Provides links to associated phenotypes, diseases and mutations associated with the gene. If the gene has no links to related clinical resources this section is not shown. Possible links are as follows:
- OMIM - links to the Online Mendelian Inheritance in Man page for the gene. OMIM is described as a catalog of human genes and genetic phenotypes containing textual information, and links to MEDLINE, sequence records in the Entrez system, and additional related resources.
- LSDB - links to Locus Specific Mutation Databases. These databases list both published and unpublished mutations reported on a gene-by-gene basis. The full name of the database is provided for each link.
- GeneTests - links to the GeneTests database which provides information on genetic testing and related information on diagnosis, disease management and genetic counselling.
- Orphanet - the portal for rare diseases and orphan drugs. Links go to a gene-based page with all associated rare diseases listed.
- Decipher - a database of submicroscopic chromosomal imbalance. Links are to gene-level pages with associated mutations and syndromes listed.
- COSMIC - the catalogue of somatic mutations in cancer. Gene-level COSMIC reports list all curated references, clinical studies and samples with mutations in cancer.
- LRG - a link to a Locus Reference Genomic (LRG) record that contains stable genomic and transcript reference sequences for reporting variants with clinical implications. LRGs are manually curated, have permanent identifiers and core content that never changes.
- Genetic Testing Registry - the Genetic Testing Registry (GTR) provides a central location for voluntary submission of genetic test information by providers. The scope includes the test's purpose, methodology, validity, evidence of the test's usefulness, and laboratory contacts and credentials.

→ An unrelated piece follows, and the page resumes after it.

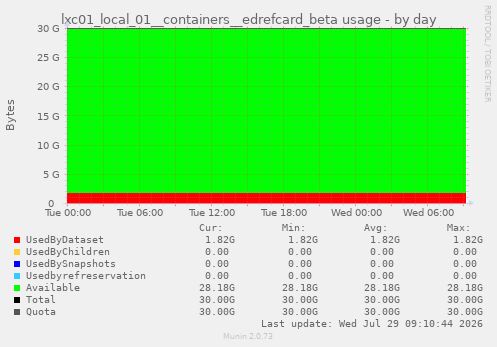 lxc01_local_01__containers__edrefcard_beta usage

Displays the title, (first) author, journal information and links to PubMed and Europe PubMed Central. The abstract and full list of authors can also be viewed by clicking on the '+' icon next to the links. This section aims to reference a limited number of key papers that describe the gene and/or its products, or are particularly relevant to its nomenclature and/or function; it does not aim to be an exhaustive bibliography.

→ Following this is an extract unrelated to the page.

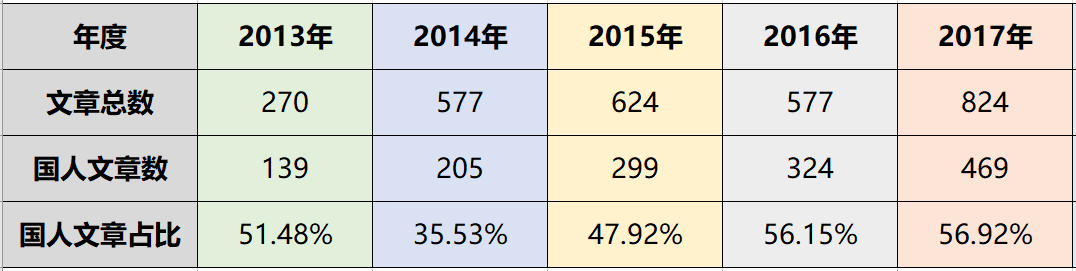 真是太惨了！该杂志刚被踢出SCI，现在陆续撤回中国学者101篇文章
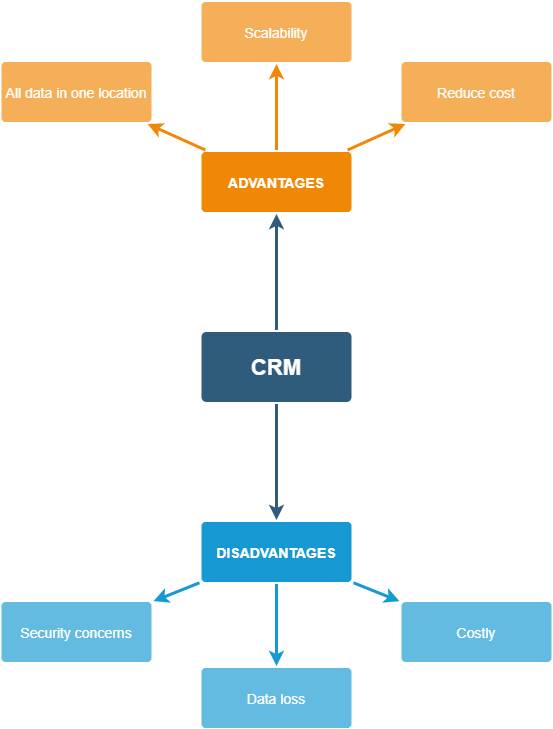 Is Your CRM System Meeting Your Needs?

Links to other external resources that provide useful information on the gene. The links are only present for databases that have entries specific to the gene in question. Here is a list of these resources:
- BioGPS - A customizable and extensible portal for aggregating gene and protein information.

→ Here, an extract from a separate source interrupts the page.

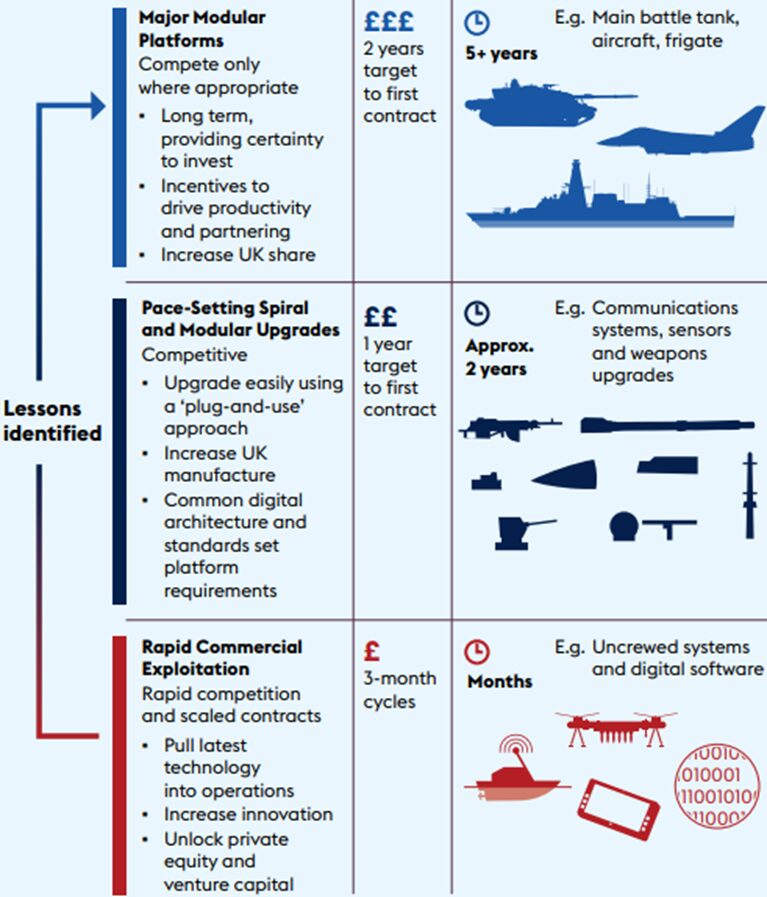 Three main procurement streams envisioned by the UK’s Defence Industrial Strategy, September 2025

- GENATLAS - links to the GENATLAS: GENE database pages. These pages contain information relevant to gene mapping, gene products and genetic diseases.
- GeneCards - provides concise genomic related information on human genes.
- GOPubMed - links to a search of the GOPubMed literature search engine with the approved symbol for the gene. GOPubMed provides several different results display options, including listing references by year, MeSH term, GO term or researcher.
- H-InvDB - links to the Locus view page of the H-Invitational Database. The H-InvDB contains gene annotation models and information on gene expression, gene products and related diseases.
- QuickGO - links to a list of all Gene Ontology (GO) terms annotated for the gene product. GO terms are controlled vocabulary terms that describe the gene product charateristics. GO terms are mapped via QuickGO to the UniProt protein accession.
- Reactome - links to a protein-level page that lists all signalling pathways associated with the gene curated by the Reactome project members. Pathways are mapped to the UniProt protein accession.
- WikiGenes - gene-based pages that combine information curated by scientists in a "wiki" format with sentences mined automatically from the literature.